Fokus utama dari film yang punya judul asli El Espinazo Del Diablo ini memang bukan hanya untuk menakut-nakuti penonton, tapi juga menjabarkan kisah yang ada dalam tempat berhantu tersebut dengan baik dan niat, bukan sekedar asal tempel. Malah bisa dibilang daripada horror film ini lebih kental unsur drama yang dipadukan dengan thriller, hanya saja didalamnya ada sosok hantu yang membuat film ini punya unsur horror. Dengan temponya yang lambat dan kemunculan penampkan yang tidak terlalu sering, mungkin film ini akan mengecewakan bagi para penggemar horror konvensional atau pembenci film drama bertempo lambat. Tapi harus diakui bahwa drama yang disuguhkan oleh film ini sangatlah kuat. Berbagai kisah tentang balas dendam, keserakahan, iri dengki, sampai cinta dan nafsu tidak luput dibahas dalam film ini. Hebatnya, semua kisah tersebut mampu menyatu dengan baik dengan unsur horror yang ada. Sebuah pencapaian bagus yang jarang sekali ditemui dalam film horror kebanyakan. Masing-masing tokoh (termasuk si hantu) punya kisah dan konflik pribadi masing-masing yang akan dibahas disini tanpa mengesampingkan salah satu diantaranya. Semua dikupas secara seimbang. 

Satu hal yang mencolok namun terasa tidak berarti dalam film ini adalah sebuah bom raksasa yang menancap di halaman panti asuhan.
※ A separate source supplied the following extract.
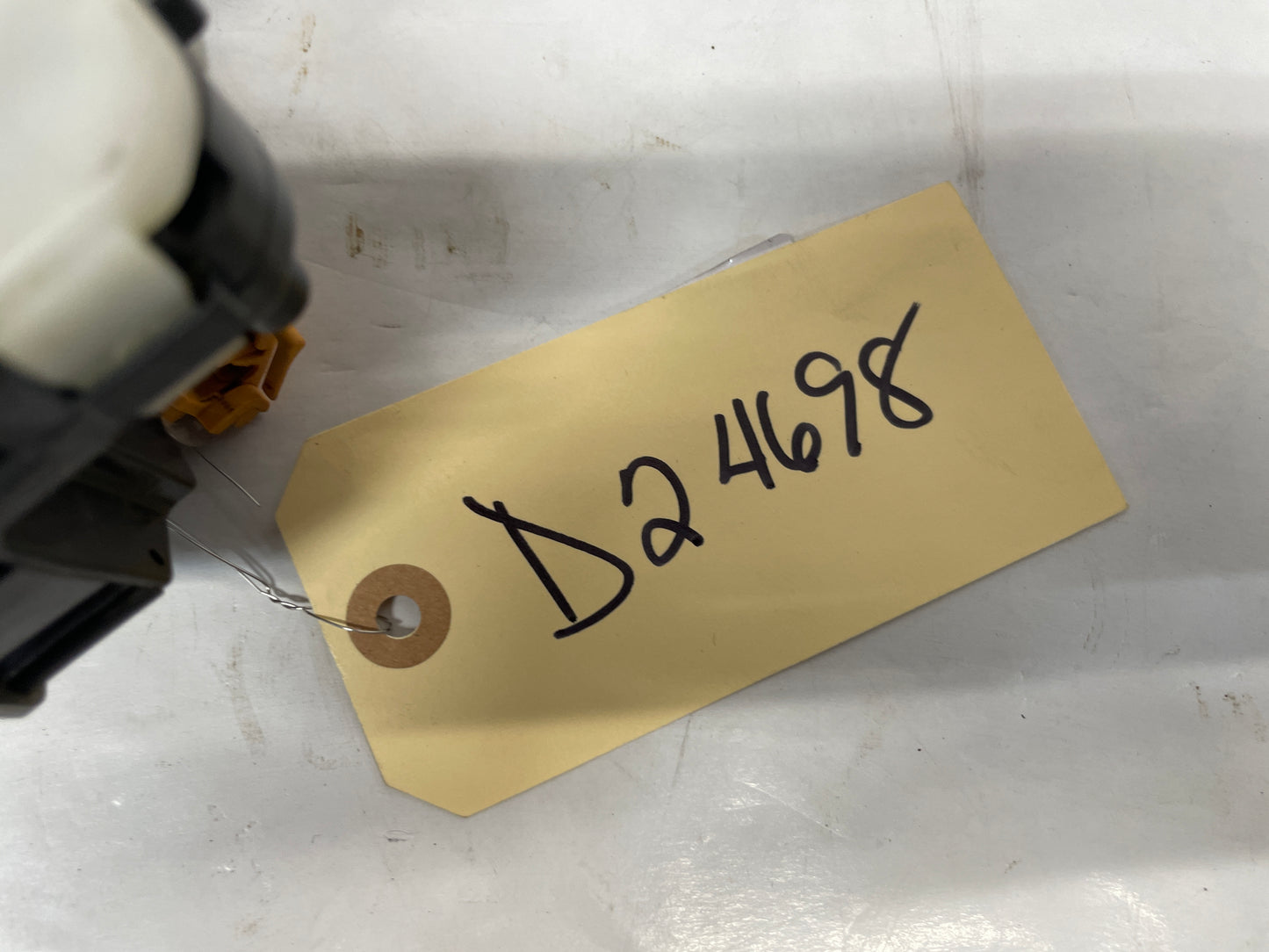 2016 Chevy SS Sedan LH Driver Front Door Lock Actuator OEM - Day's Parts Yard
Tidak mungkin rasanya hal mencolok macam itu tidak punya makna dalam film dan hanya untuk gimmick semata. Ada beberapa interpretasi yang diungkapkan beberapa pihak, tapi saya sendiri mempunyai sebuah interpretasi akan keberadaan bom tersebut. Bom sebesar itu yang memang dibuat untuk menghancurkan justru tidak meledak dan tidak merenggut nyawa satu orangpun. Ironisnya,sebuah ledakan yang bukan berasal dari bom justru menciptakan sebuah tragedi yang begitu menyedihkan. Bagi saya itu terasa seperti sebuah simbol mengenai potensi terjadinya sebuah hal yang sangat buruk. Sebenarnya justru sifat buruk manusia sendirilah yang bisa memicu terjadinya sebuah tragedi. Pertama kali bom tersebut jatuh juga merupakan sebuah pertanda awal dari kejadian yang akan memicu berbagai tragedi di kemudian hari. The Devil's Backbone memang sebuah karya yang hebat dari Guillermo del Toro. Menggabungkan drama yang kuat dan horror yang efektif membuat filmnya terasa begitu mengikat tanpa ada momen membosankan meskipun mempunyai tempo yang lambat. Oya, opening film ini juga mengingatkan saya pada adegan pembuka pada film Pan's Labyrinth. Lagipula setting waktu kedua film ini juga berdekatan yakni pada akhir perang sipil dan beberapa tahun sesudahnya.